Locals queue to buy products at cheap prices at Donetsk’s Lenin Square. Efforts to restart peace talks between Kiev and separatists fell through on Friday, according to the separatists, despite fresh mediation by German Foreign Minister Frank-Walter Steinmeier.


Reuters/AFP/Moscow

Russia will not be intimidated over its actions in Ukraine and Crimea, President Vladimir Putin said yesterday as his foreign ministry warned that it was preparing to retaliate against fresh Western sanctions.
Both the European Union and United States adopted tighter restrictions on investments in Crimea this week, while Canada ratcheted up its own sanctions directed at Moscow.
Sanctions coupled with tumbling global oil prices have rattled Russia’s economy, with the rouble losing over 40% of its value year-to-date and a recession expected to take hold next year.
Putin has remained defiant in the face of these setbacks, repeatedly defending Russia’s annexation of Crimea from Ukraine in March and its subsequent support for pro-Russian separatists battling Kiev forces in eastern Ukraine.
Speaking at a concert honouring past and present security service staff, Putin said that he had heard people calling for Russia to “pay dearly for its independent position backing compatriots and Crimea ... (and) just for the mere fact that we exist”.
“Obviously, no one will succeed in intimidating us, to deter, to isolate Russia,” he said in comments that were shown by state-run Rossiya 24 TV.
Separately, the Russian foreign ministry said yesterday that new Western sanctions against Ukraine’s Crimea region represented a “collective punishment” against residents who had voted overwhelmingly in a referendum last March to join Russia.
“It is sad that the countries which call themselves democratic resort to such methods in the 21st century,” the ministry said in a statement.
Foreign ministry spokesman Alexander Lukashevich said the sanctions undermined political efforts to resolve the conflict in eastern Ukraine.
“We advise Washington and Ottawa to think about the consequences of such actions. Meanwhile, we will work on retaliatory measures,” he said in comments published on the ministry website.
Russia retaliated to earlier sanctions by limiting food imports from a range of Western countries.
Kiev and its Western backers accuse Moscow of fanning violence in Ukraine and arming the rebels.
Moscow denies the accusations and says it annexed Crimea only after the referendum showed most residents wanted it to become part of Russia.

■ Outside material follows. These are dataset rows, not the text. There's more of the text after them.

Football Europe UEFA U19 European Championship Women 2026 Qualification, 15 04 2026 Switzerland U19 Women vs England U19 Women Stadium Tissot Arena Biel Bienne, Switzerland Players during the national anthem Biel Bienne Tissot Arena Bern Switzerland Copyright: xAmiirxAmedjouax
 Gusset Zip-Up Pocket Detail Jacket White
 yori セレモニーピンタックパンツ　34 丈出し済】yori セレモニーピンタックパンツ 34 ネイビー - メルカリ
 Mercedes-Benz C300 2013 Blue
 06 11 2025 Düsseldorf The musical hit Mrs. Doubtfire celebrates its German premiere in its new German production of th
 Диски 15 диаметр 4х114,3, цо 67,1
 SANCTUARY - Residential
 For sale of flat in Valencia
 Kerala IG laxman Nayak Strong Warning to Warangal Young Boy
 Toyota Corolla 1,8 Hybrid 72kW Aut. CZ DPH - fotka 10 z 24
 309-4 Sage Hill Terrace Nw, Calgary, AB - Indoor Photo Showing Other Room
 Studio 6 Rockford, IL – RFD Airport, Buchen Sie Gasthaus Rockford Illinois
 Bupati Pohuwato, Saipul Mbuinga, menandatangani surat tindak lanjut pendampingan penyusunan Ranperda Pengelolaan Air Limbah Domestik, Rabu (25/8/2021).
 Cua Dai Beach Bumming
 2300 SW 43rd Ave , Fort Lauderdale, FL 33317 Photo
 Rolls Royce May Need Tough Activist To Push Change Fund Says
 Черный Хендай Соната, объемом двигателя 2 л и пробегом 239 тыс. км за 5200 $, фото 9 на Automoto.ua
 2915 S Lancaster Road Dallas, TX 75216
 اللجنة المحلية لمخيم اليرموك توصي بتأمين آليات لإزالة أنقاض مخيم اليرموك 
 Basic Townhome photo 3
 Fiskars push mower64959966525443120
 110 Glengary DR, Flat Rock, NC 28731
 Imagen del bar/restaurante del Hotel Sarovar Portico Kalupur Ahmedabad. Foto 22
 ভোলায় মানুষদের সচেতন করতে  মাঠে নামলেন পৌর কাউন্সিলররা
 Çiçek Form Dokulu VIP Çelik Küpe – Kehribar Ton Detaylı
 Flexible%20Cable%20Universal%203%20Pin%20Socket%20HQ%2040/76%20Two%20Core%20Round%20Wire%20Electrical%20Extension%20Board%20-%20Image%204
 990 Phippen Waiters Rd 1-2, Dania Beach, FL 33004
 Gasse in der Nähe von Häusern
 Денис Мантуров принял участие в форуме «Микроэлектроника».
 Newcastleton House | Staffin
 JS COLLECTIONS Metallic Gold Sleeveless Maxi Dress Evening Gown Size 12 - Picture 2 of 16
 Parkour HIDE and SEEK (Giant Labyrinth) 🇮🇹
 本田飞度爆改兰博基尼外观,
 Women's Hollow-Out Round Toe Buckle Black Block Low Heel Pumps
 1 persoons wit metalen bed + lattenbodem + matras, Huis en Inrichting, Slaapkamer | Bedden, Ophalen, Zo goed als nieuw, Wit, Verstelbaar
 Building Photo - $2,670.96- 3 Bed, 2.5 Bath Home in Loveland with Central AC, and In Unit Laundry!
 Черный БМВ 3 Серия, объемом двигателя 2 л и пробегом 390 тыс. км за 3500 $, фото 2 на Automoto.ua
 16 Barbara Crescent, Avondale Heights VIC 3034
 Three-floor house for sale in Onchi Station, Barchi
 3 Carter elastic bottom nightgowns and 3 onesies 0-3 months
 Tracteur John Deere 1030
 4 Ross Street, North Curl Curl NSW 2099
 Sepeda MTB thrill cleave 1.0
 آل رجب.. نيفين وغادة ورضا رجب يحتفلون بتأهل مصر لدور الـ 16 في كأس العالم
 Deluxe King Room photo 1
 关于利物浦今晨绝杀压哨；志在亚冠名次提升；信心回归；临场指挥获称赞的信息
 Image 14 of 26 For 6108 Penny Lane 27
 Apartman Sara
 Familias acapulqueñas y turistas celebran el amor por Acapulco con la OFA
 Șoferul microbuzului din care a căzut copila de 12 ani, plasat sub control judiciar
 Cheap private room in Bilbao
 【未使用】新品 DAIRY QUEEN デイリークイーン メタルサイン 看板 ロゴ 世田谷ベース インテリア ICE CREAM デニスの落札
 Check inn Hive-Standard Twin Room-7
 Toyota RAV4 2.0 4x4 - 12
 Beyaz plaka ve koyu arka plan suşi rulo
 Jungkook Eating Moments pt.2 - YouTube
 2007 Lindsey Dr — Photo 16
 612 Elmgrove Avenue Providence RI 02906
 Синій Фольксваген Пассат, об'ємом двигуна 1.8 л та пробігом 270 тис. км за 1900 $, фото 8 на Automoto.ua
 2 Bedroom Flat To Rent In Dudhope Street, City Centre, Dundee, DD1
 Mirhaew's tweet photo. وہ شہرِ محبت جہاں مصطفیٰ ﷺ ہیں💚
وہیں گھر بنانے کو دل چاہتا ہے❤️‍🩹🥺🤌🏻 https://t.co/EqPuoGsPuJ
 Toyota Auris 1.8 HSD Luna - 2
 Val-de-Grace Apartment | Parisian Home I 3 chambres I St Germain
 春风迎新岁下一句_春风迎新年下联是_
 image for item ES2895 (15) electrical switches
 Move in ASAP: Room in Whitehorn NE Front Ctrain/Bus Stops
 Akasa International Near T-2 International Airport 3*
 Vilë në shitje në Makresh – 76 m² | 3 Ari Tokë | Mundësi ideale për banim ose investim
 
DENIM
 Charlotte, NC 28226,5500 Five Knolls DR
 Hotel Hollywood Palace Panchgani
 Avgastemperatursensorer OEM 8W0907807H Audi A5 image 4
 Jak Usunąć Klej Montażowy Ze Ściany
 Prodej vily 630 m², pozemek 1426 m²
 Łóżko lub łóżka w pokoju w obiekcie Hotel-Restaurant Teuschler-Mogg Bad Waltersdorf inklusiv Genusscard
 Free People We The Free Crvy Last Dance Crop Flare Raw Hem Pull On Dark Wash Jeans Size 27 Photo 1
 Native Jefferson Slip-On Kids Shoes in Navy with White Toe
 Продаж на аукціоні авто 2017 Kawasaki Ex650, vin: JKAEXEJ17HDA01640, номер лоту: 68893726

Earlier yesterday, in a letter published by the Kremlin, Putin called for Russia’s secret services to be improved to tackle “modern challenges and threats and the emergence of new destabilising factors”.
The key tasks for Russia’s secret operatives were to fight international terrorism and “any attempts of foreign special services to deal a blow to Russia (and) her political and economic interests,” said Putin, himself a former KGB agent.
A Ukrainian conference mediated by European and Russian envoys in the Belarussian capital Minsk had initially been set for last week and meant to coincide with a new truce in the eight-month conflict.
The ceasefire appears to be holding better than similar previous measures and the number of daily rocket and mortar attacks across the Russian-speaking eastern regions of Luhansk and Donetsk has gone down.
But Ukrainian forces still reported the loss of five soldiers on Friday and have seen 15 servicemen killed since the December 9 deal.
The sudden glimmer of hope that the end of Europe’s worst violence since the 1990s Balkans conflicts was approaching has seen Western allies step up their pressure on Russia – already reeling from its worst economic crisis of Vladimir Putin’s 15-year rule.
Crimea’s Moscow-backed leader Sergei Aksyonov called the European Union sanctions in particular an attempt to “humiliate Russia”.
Meanwhile, Ukraine’s President Petro Poroshenko was due to convene his National Security and Defence Council to discuss ways of avoiding repeated disruptions of supplies to his forces in the east.
The emergency meeting comes a day before Belarussian President Alexander Lukashenko pays his first visit to Kiev since his neighbour’s historic shift toward the West.
The authoritarian leader has emerged as the conflict’s unlikely peacemaker – his own independence from Moscow undermined by a heavy reliance on Russian energy subsidies and beneficial trade rules.
The timing of Lukashenko’s visit signals that the peace talks are unlikely to take place today as both Poroshenko and his European supporters had hoped.
Several rebel commanders have said they would not be ready until at least tomorrow or Tuesday.
A Skype video conference between the sides on Friday failed to resolve the dispute.
German Chancellor Angela Merkel and – more recently – French President Francois Hollande have been spearheading Western efforts to get the sides talking while Washington plays a backseat role.
Both leaders are this weekend expected to hold their third teleconference with Putin and Poroshenko in the space of a week.
The Minsk meeting appears to be hung up over Poroshenko’s refusal to discuss one of the separatists’ main demands – that he resume the social welfare payments to the war-torn region that Kiev suspended last month.
Poroshenko argues that the money is being stolen by the insurgents and used to pay guerrillas and foreign mercenaries.
The militias’ inability to improve life in the socially devastated region threatens to turn the locals against them and undermine their claims of legitimacy.